The Strange Case Of Mr. Cronin's Chevelle
Mike Cronin's purpose and his method are crystal clear. You need only read the entries on his tech sheet. Mike doesn't belong to any clubs, doesn't know how much power his engine makes, and couldn't care less for car shows. In the old days, he would have been a Lone Wolf, a guy with no club affiliation, maybe even have a placard swinging from the rear bumper saying just that. Despite (and because of) the very excitable paint color he has chosen, his SS is still perceived as minimal, so much so that it plainly makes you wonder what's under that minimal cowl hood. It's just a nice resto? There's not a wisp of the big-bore artillery huddling beneath its reflexed metal. What's that soft whine? It'll rip your heart out!
Are we like Mike or is he like us?

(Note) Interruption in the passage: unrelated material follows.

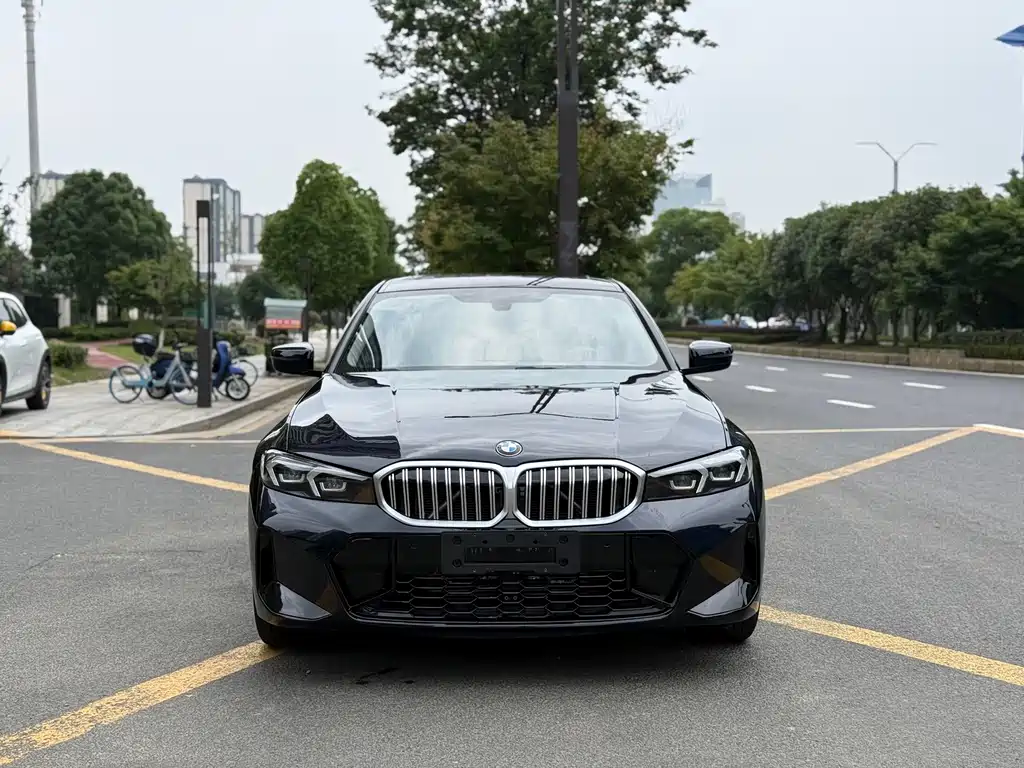 BMW 3 Series 2024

His recipe for someone else's disaster seems the same as ours: clean, straight sheetmetal, nice paint, no giveaways, but lots of presence nonetheless...and a motor that could take you straight to Mars if you wanted it to. Look at that thing. Serious parts all over it. Matte finish everywhere and but a drop of chrome or polish or billet anywhere else. And that contrasting flat-black firewall provides a somewhat unfinished backdrop, a constant reminder that work on the Chevelle will never really come to an end.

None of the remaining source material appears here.